Teraz, gdy zdobył w Polsce sławę i pieniądze, syn chciałby, by jego mamie żyło się lepiej. Dlatego planuje kupić jej mieszkanie, bądź niewielki domek w okolicach stolicy Rosji. "W Rudnogorsku panują niewyobrażalnie ciężkie zimy. To bardzo niekorzystne dla zdrowia. Właśnie z tego powodu moja mama jest już emerytką. Tam wcześniej kończy się pracę w zawodzie" - wyjaśnia "Faktowi" Ivan. "Chcę też, żeby mama miała bliżej do Polski. Do mnie" - dodaje.

To pięknie z jego strony, zwłaszcza że w Rosji, podobnie jak w Polsce, ceny mieszkań rosną w zawrotnym tempie. W centrum Moskwy ceny apartamentów dochodzą do 1 miliona dolarów. Na obrzeżach miasta są trochę niższe. Na lokum, które Ivan chce kupić matce, musi wydać pół miliona złotych.

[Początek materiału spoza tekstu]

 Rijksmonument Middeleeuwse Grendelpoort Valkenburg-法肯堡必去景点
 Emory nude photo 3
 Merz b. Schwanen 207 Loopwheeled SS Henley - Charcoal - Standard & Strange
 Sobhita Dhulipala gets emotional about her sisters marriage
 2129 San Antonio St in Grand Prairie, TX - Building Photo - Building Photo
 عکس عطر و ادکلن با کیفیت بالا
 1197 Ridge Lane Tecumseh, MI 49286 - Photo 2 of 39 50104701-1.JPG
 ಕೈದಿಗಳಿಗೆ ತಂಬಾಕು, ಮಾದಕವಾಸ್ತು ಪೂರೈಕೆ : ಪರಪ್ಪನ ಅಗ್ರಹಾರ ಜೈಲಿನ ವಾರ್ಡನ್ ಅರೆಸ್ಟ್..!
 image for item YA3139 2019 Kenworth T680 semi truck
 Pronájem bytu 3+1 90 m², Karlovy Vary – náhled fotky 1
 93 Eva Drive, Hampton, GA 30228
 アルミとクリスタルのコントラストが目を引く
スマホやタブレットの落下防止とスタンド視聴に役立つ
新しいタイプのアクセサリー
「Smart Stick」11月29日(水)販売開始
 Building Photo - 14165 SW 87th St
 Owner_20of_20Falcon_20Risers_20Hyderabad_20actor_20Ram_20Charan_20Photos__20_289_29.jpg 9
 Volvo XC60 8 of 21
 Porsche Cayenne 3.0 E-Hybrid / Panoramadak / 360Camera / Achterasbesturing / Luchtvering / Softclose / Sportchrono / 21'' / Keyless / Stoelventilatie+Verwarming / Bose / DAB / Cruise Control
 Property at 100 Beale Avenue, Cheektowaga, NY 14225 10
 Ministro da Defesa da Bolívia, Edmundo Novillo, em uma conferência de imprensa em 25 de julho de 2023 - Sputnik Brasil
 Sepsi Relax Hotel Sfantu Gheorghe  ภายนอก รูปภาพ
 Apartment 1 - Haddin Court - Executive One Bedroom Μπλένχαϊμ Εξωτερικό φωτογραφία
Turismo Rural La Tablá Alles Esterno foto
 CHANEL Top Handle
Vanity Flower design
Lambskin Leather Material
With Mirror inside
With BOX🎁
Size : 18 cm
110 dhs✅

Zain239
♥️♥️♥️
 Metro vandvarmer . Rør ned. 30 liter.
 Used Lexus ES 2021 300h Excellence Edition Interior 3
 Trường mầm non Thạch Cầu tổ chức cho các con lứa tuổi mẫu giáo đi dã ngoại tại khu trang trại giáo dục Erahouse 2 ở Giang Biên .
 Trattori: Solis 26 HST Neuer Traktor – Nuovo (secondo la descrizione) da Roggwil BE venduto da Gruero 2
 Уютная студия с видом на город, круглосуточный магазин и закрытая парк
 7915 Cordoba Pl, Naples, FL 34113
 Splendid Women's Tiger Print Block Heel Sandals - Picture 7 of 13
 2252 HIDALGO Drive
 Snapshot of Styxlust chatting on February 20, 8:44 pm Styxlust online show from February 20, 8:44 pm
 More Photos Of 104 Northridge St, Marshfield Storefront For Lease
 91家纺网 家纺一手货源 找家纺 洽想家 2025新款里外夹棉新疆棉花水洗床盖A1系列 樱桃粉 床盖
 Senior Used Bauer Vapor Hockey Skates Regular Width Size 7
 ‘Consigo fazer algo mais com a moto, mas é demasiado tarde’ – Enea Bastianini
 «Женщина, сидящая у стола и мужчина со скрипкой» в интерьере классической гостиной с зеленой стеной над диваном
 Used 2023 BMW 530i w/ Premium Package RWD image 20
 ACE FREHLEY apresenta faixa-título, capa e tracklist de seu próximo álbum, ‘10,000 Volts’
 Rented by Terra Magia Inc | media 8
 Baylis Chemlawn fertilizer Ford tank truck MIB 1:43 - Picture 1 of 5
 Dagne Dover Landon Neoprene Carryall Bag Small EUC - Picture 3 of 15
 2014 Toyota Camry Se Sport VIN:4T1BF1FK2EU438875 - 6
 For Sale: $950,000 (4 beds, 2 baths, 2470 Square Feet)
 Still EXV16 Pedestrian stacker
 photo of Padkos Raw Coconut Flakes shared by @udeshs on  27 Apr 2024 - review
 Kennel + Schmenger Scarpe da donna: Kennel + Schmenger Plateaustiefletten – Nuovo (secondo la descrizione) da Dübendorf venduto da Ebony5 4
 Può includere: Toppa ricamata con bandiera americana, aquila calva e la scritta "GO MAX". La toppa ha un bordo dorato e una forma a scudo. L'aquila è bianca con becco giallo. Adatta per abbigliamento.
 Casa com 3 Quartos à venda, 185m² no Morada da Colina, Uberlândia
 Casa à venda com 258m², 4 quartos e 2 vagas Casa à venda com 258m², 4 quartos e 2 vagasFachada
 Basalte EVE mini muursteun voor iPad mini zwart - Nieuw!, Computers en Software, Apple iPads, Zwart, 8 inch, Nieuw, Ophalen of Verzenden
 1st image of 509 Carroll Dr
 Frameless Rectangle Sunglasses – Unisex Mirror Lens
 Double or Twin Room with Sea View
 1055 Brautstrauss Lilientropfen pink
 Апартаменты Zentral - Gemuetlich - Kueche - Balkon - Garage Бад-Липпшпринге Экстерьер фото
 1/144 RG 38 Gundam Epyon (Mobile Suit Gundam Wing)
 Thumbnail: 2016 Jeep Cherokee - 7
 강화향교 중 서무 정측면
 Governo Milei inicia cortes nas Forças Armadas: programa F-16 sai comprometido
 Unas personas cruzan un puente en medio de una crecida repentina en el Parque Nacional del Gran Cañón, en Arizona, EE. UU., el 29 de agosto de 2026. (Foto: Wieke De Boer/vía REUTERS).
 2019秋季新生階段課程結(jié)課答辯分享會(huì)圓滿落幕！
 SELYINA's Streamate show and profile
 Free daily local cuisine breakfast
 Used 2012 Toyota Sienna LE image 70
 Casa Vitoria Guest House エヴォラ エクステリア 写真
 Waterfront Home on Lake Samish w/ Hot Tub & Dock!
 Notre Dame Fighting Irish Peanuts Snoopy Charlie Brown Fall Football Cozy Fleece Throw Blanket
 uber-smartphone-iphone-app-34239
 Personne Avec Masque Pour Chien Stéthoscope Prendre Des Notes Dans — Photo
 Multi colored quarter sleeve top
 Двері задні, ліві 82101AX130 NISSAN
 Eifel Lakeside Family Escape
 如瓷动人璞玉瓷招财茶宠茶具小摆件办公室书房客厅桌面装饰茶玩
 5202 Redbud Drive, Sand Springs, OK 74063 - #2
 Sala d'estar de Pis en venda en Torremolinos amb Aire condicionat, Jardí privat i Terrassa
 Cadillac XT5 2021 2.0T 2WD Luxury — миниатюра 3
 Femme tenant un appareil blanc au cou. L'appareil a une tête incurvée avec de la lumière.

Ivan zarabia świetnie. Do tego skrupulatnie odkłada każdy grosz. W samym "Tańcu z gwiazdami" zarobił już ok. 60 tysięcy złotych. Ale to jeszcze nic. W lipcu piosenkarz i aktor rusza w trasę koncertową. Do września ma zaplanowane aż 22 koncerty. A za każdy z nich dostanie ok. 12 tysięcy zł, co da mu łącznie 300 tysięcy zł. Już wie, że nie wyda tego na głupoty. Ma przecież ważny cel.

"Ponieważ mama mieszka wciąż na Syberii, bardzo rzadko mnie odwiedza" - mówi "Faktowi" finalista "Tańca z gwiazdami". "Podróż jest bardzo męcząca. Trzeba najpierw jechać długo pociągiem, a potem lecieć samolotem" - przyznaje Galina Stiepanowa. Odkąd jej syn zamieszkał 14 lat temu w Polsce, była u niego zaledwie 2 razy. Dlatego marzeniem Ivana jest przeprowadzka mamy pod Moskwę. Gwiazdor ma nadzieję, że będzie to już na jesieni.